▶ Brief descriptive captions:
-*-
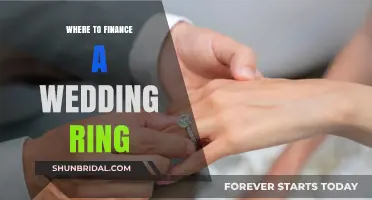 Financing a Wedding Ring: Where to Get Funding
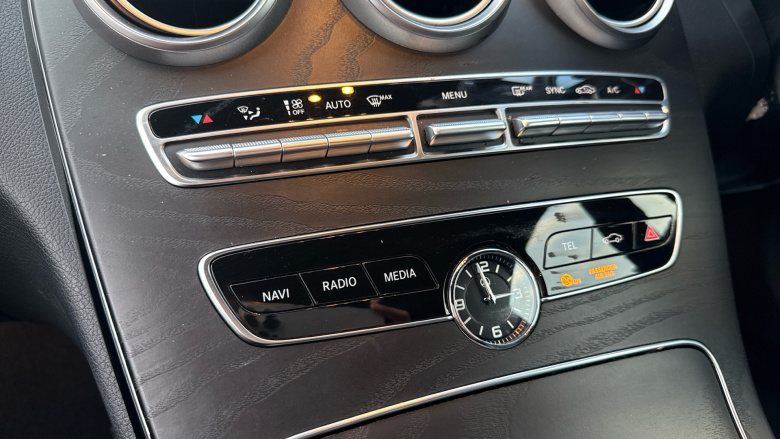 Mercedes-Benz C-Class C300 AMG Line Premium 2dr 9G-Tronic Petrol Coupe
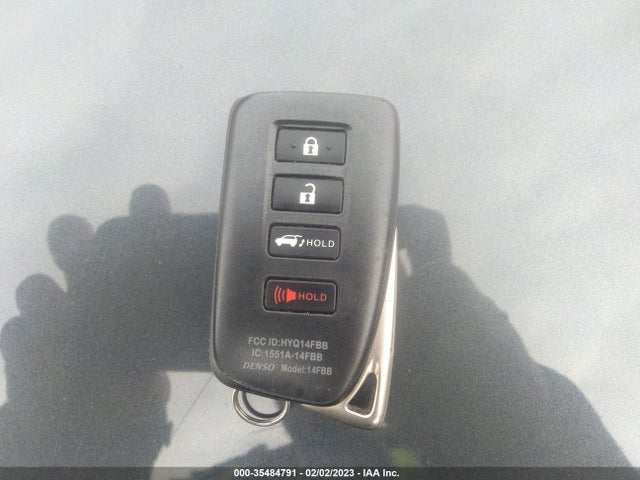 Lexus RX 2019 2T2BZMCA1KC182029 Image 3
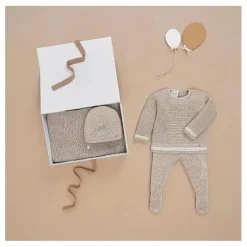Paz Rodriguez - Take Me Home Set Regalo, Rosa Giz/Creme Sale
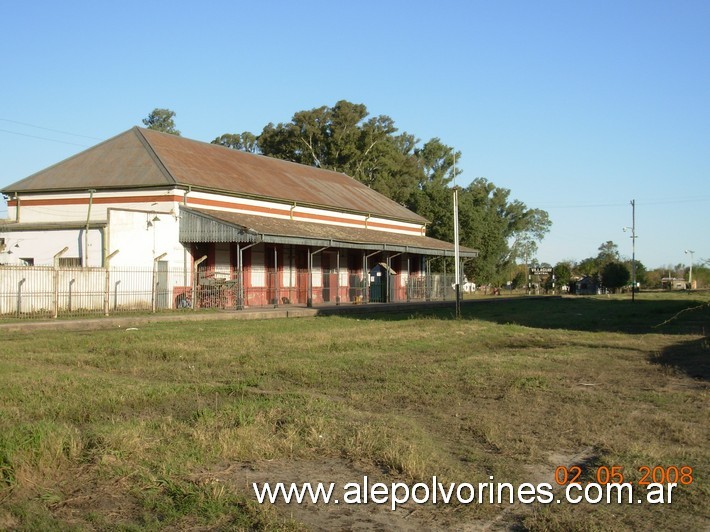 Foto: Estación Villaguay Central - Villaguay (Entre Ríos), Argentina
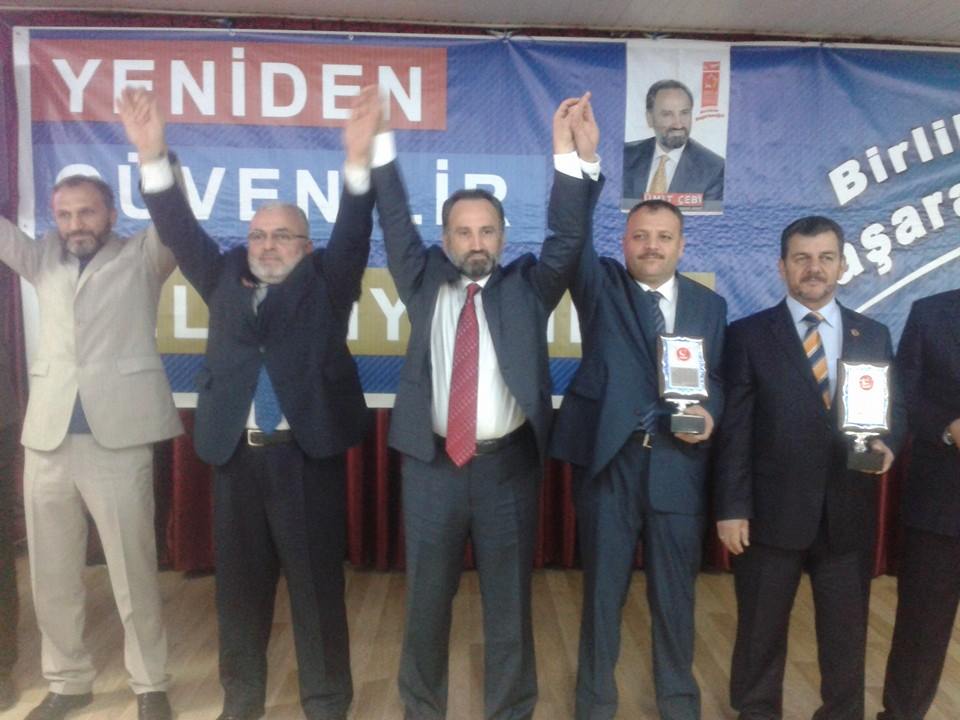 Ümit Başkan Artık Soyadımız Araklı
-*-
▶ ABOUT THIS EXERCISE:
What is needed is an exact copy of the records above, with no pictures in it.

▶ WRITTEN ANSWER:
 Financing a Wedding Ring: Where to Get Funding
 Mercedes-Benz C-Class C300 AMG Line Premium 2dr 9G-Tronic Petrol Coupe
 Lexus RX 2019 2T2BZMCA1KC182029 Image 3
Paz Rodriguez - Take Me Home Set Regalo, Rosa Giz/Creme Sale
 Foto: Estación Villaguay Central - Villaguay (Entre Ríos), Argentina
 Ümit Başkan Artık Soyadımız Araklı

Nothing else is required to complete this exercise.